The CRN folks left out a couple that bear mentioning.
- RSA/Archer: This deal was announced on Jan 5, so it hardly feels like a 2010 deal. Given EMC’s move to drive more of their own services and push to solidify CIO level relationships, buying Archer’s toolkit, I mean ‘platform’, makes a lot of sense. The question for next year is whether RSA will buy something to supplement EnVision, which continues to fall behind technically in the SIEM/Log Management space.

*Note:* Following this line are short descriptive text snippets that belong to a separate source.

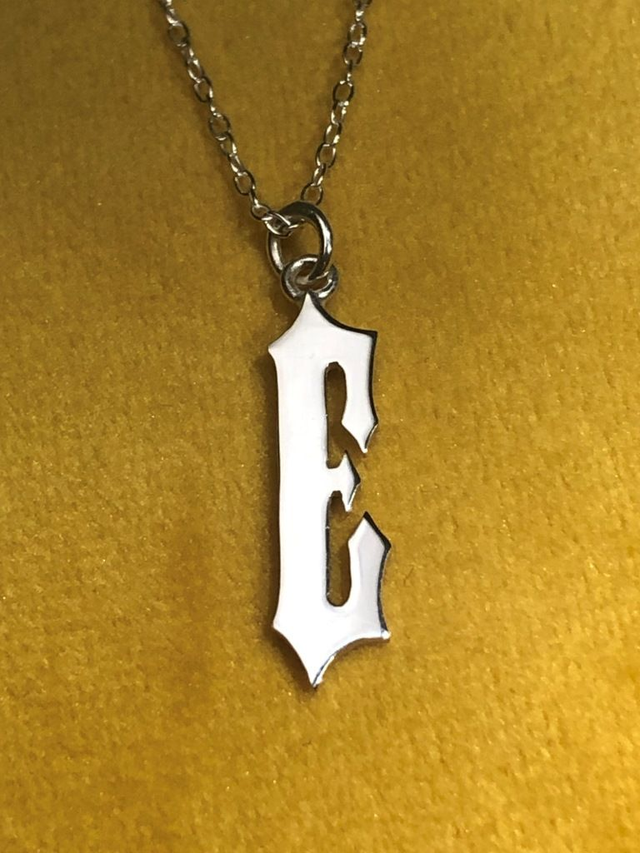 Custom 3cm R (trapstar font ) gold plated without chain, price include UK 1st class postage.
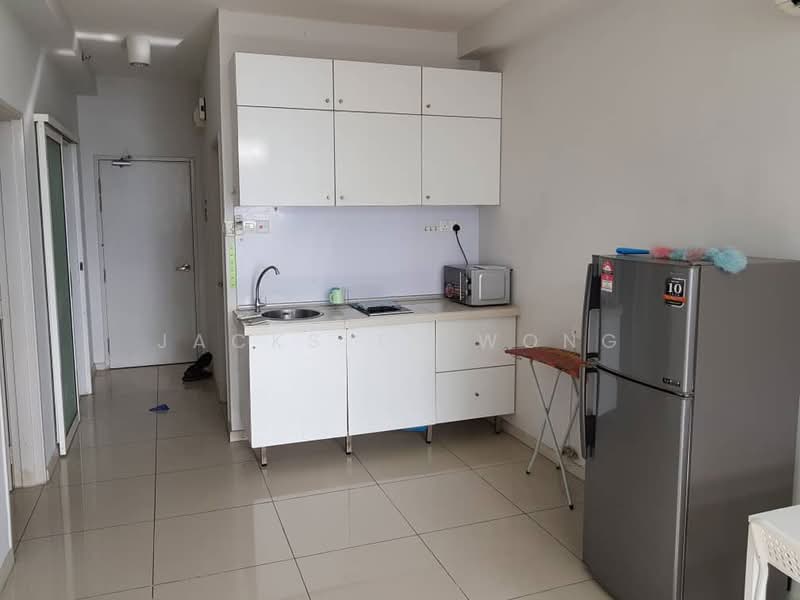 Servis Apartment untuk Disewa di Centrestage Designer Suite - Jacksley Wong - Kitchen - PropertyGuru.com.my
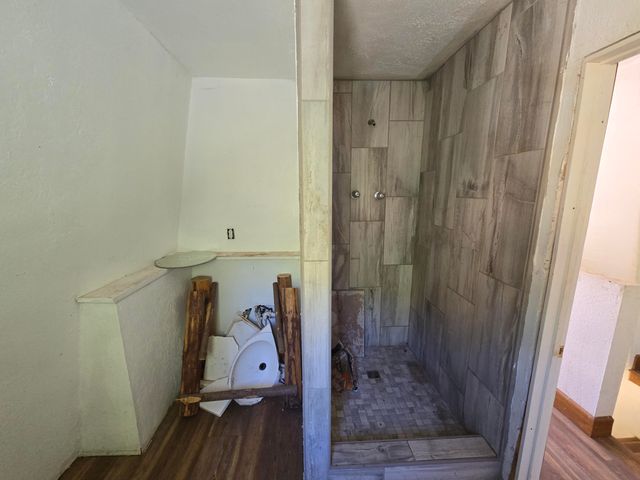 80000 & 80010 Ebert Lane, Garberville, CA 95542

- Juniper/Altor: This one is fresh in our minds because it went down recently, but buying Altor was probably as much about Juniper getting access to the VMSafe API as about buying a spot in a market that isn’t yet. How else do you justify paying in the neighborhood of 30x bookings? You can check out our pithy Incite on the deal (it’s bullet #3).
I’m sure by this point you want to know what’s going to happen in 2011. So let’s bust out the Magic 8 Ball and figure it out:
- Will there be more deals in 2011 than 2010? My sources say no.
- Will there be a bunch of fire sales? Without a doubt.
- Will the investment bankers and lawyers be able to make the payments on their beach/ski houses? Signs point to yes.
And there you have it. Pretty smart, that Magic 8 Ball!